Parents raising children, carers supporting elderly relatives, and volunteers sustaining communities: none of these appears in GDP, and yet without them, the economy could not function for a week.

Social security acknowledges that reality. It supports carers. It supports families. It supports those whose contribution is socially essential but not market-priced.

This is what I mean by the politics of care. That is an economy exists to sustain people, not to maximise transactions. To dismiss that as welfare is to deny the value of care itself.

A system we all use

The mythology of welfare depends on the idea that there are two groups: taxpayers who contribute and claimants.

There are not. Firstly, social security is paid by the state, and not with taxpayers' funds. Tax, as always, controls the resulting risk of inflation arising from a payment made by a government with the power to create its own currency. Secondly, most of us use a social security system at some time.

We contribute to balance the economic equation when we are working and healthy. We receive when we are ill, unemployed, caring for someone, or retired.

We benefit when our children go to school, when our parents receive pensions, and when our neighbours are supported through hard times instead of falling into destitution.

Social security smooths income across the life cycle. It redistributes risk from the unlucky to the lucky. It creates stability that markets cannot provide. That is not a moral failing. It is the basis of civilisation.

Why the word “welfare” was chosen

The word welfare was not adopted because it was accurate. It was adopted because it was useful to those who wanted to shrink the state and expand private wealth. It allowed politicians to say:

  • Support is a favour, and not a right.
  • Claimants are suspects prone to fraud, idleness and doubt.
  • Cuts are discipline, and not harm
  • Poverty is a chosen behaviour, and not the result of political policy intended to create economic failure.

That rhetoric has justified austerity. It has justified sanctions regimes. It has justified humiliating systems that cost more to administer than they save. And it distracted attention from the real transfers in our economy, whether from labour to capital, or from tenants to landlords, or from the state to tax avoiders.

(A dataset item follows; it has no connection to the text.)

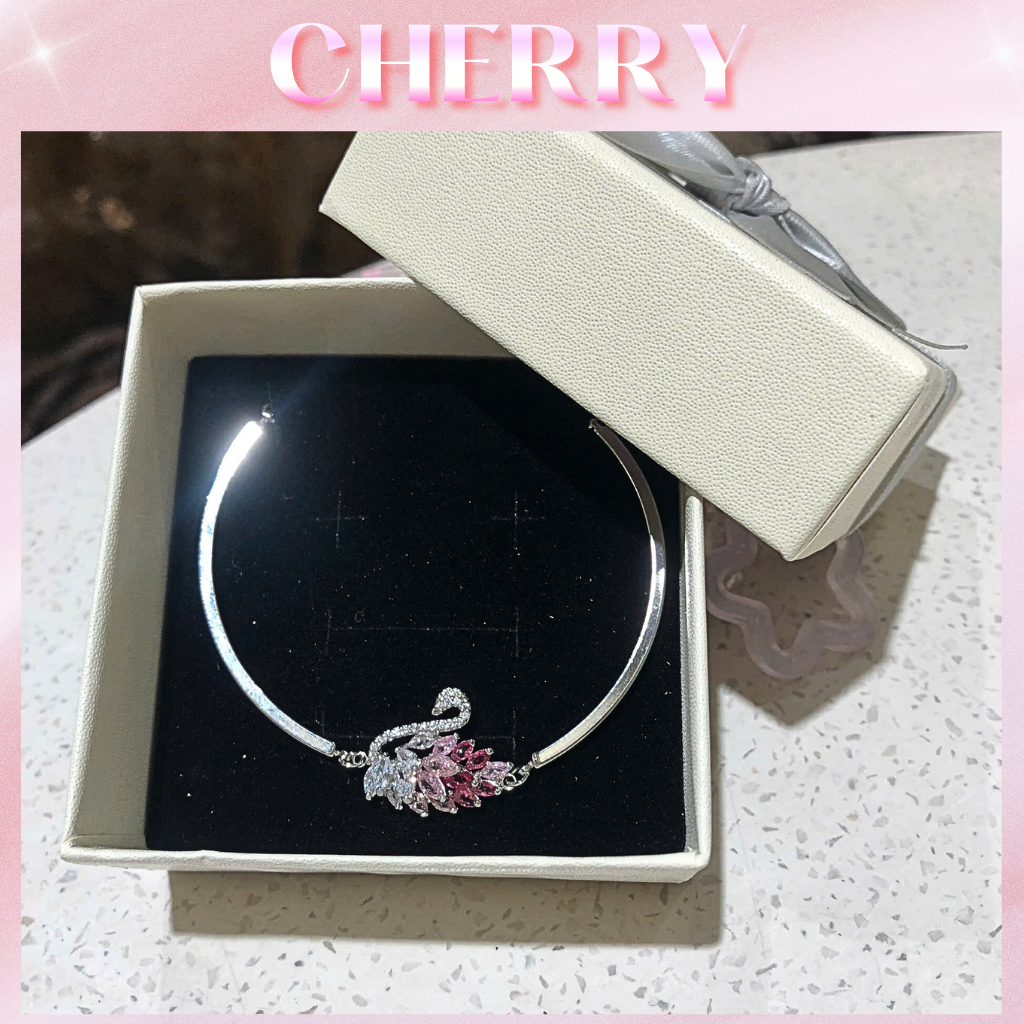 Vòng tay nữ thiên nga CHERRY Jewelry không gỉ , Lắc tay nữ SWAN đá hồng lấp lánh ( Kèm hộp + thiệp )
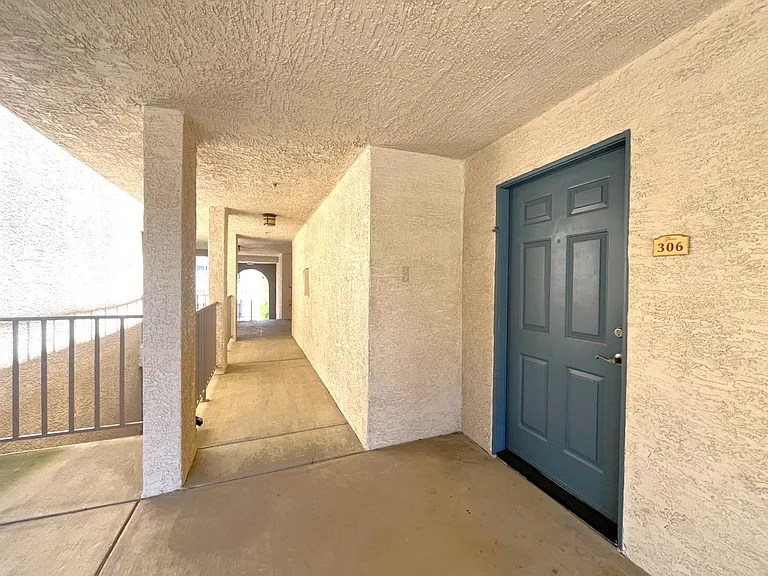 1020 La Terraza Cir #306 — Photo 5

The politics of language has, in this case, as it has too often, concealed the economics of power.

Social security as capital maintenance

On this blog, I have argued that we need to think in terms of maintaining all forms of capital, not just financial wealth. Capital includes:

Social security maintains the last two.

It keeps people healthy enough to work, learn, and care. It keeps communities intact when shocks hit both individually and collectively. It prevents the destruction of skills, relationships, and hope.

Cutting social security is not about saving money. It is running down the national wealth in the most literal sense.

We would never boast about letting bridges collapse to save steel. Yet we boast about letting people fall into poverty to save pounds.

What follows from this

If we were honest about what social security is, policy would look different.

We would accept that support should be adequate, because underfunded insurance does not insure.

We would remove stigma and complexity, because humiliation is not efficient.

We would fund social security and then address any need to counter inflation by imposing progressive taxation, including tackling the avoidance and evasion that drain public capacity.

We would properly integrate social security with housing, health, and care policies, recognising that insecurity in one domain spreads to others.

And we would stop using a word designed to make people ashamed of needing help.

Conclusion

Language matters. Narrative matters. And economics, as I often say, is full of  CRAp, or completely rubbish approximations to the truth when it pretends that markets alone can secure well-being.

Social security is one of the institutions that proves otherwise. It is a recognition that we are interdependent, that risk is shared, and that care is an economic necessity.

Call it welfare if you want to undermine it.

Call it social security if you want an economy that works for people.


This blog post is also being posted as a glossary entry. The main entry will be social security. Welfare will cross-reference to it.